Kullmann and Siepmann note the wide variety of metres that Tolkien uses, and that he nearly always avoided the most common form of his time, iambic pentameter. Several poems are unrhymed; these are often but not always alliterative, imitating Old English verse, while others are irregular, like "Sing now, ye people of the Tower of Anor". Of the rhymed verse, Tolkien often uses iambic tetrameter, as in "Gil-galad was an Elven-king", and sometimes iambic octameter, like "Eärendil was a mariner that tarried in Arvernien". Less commonly he uses other metres, including the irregular strophic rhyme of "Troll sat alone on his seat of stone", the iambic dimeter of "We come"/"To Isengard", or the ballad stanza of "An Elven-maid there was of old". On a few occasions, Tolkien uses dactylic metres, such as the dactylic trimeter of "Seek for the Sword that was broken", or the dactylic tetrameter of "Legolas Greenleaf long under tree".

Kullmann & Siepmann's analysis of poem metres in The Lord of the Rings
| Rhyme? | Allit.? | Example | Metre |
|---|---|---|---|
| No | Yes | "We `heard of the `horns in the `hills `ringing" | 4 stresses, 2 per half-line |
| No | No | "Sing now, ye people of the Tower of Anor" | Irregular |
| Yes | No | "Gil-galad was an Elven-king" | Iambic tetrameter |
| Yes | No | "Eärendil was a mariner that tarried in Arvernien" | Iambic octameter |
| Yes | No | "Troll sat alone on his seat of stone" | Irregular strophic |
| Yes | No | "We come, we come with roll of drum" | Iambic dimeter |
| Yes | No | "An Elven-maid there was of old" | Ballad stanza |
| Yes | No | "Seek for the Sword that was broken" | Dactylic trimeter |
| Yes | No | "Legolas Greenleaf long under tree" | Dactylic tetrameter |

In a detailed reply to Rawls, the poet Paul Edwin Zimmer wrote that "much of the power of Tolkien's 'prose' comes from the fact that it's written by a poet of high technical skill, who carried his metrical training into his fiction." In Zimmer's view, Tolkien could control both simple and complex metres well, and displayed plenty of originality in the metres of poems such as "Tom Bombadil" and "Eärendil".

=== Sound and language ===

Tolkien's poems are variously in modern English, Old English, Gothic, and Tolkien's constructed languages, especially his Elvish languages, Quenya, such as Namárië, and Sindarin, such as A Elbereth Gilthoniel.

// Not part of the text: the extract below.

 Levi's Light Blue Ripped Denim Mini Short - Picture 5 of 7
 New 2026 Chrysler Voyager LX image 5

Shippey notes that Tolkien believed that the sound of a language conveyed a specific pleasure, even if untranslated.

Start of "Namárië": Galadriel's Lament in Lórien
| Quenya, in Tengwar script | | Transliterated Quenya | | Translation |
| | |
Ai! laurië lantar lassi súrinen, yéni únótimë ve rámar aldaron! Yéni ve lintë yuldar avánier mi oromardi lisse-miruvóreva...
 | |
Ah! like gold fall the leaves in the wind, long years numberless as the wings of trees! The years have passed like swift draughts of the sweet mead in lofty halls beyond the West,
 |

== Legacy ==

=== In fantasy ===

Hark! We have heard of Oric the hunter,
Guthlach the great-thewed, and other goodmen
Following far, fellowship vengeful,
Over the heath, into the underground,
Running their road through a rugged portal.

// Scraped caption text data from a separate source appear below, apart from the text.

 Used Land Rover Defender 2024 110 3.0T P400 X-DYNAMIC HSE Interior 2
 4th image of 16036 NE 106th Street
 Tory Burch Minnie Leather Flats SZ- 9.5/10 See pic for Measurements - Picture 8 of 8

While The Lord of the Rings has given rise to a large number of adaptations and derivative works, the poems embedded in the text have long been overlooked, and almost never emulated by other fantasy writers. An exception is Poul and Karen Anderson's 1991 short story "Faith", in After the King, a 1991 hommage to Tolkien published on the centenary of his birth. The story ends with two stanzas of "The Wrath of the Fathers, Aeland's epic", written in Old English-style alliterative verse.

=== Settings ===

Seven of Tolkien's songs (all but one, "Errantry", from The Lord of the Rings) were made into a song-cycle, The Road Goes Ever On, set to music by Donald Swann in 1967. The Tolkien Ensemble, founded in 1995, set all the poetry in The Lord of the Rings to music, publishing it on four CDs between 1997 and 2005. The settings were well received by critics.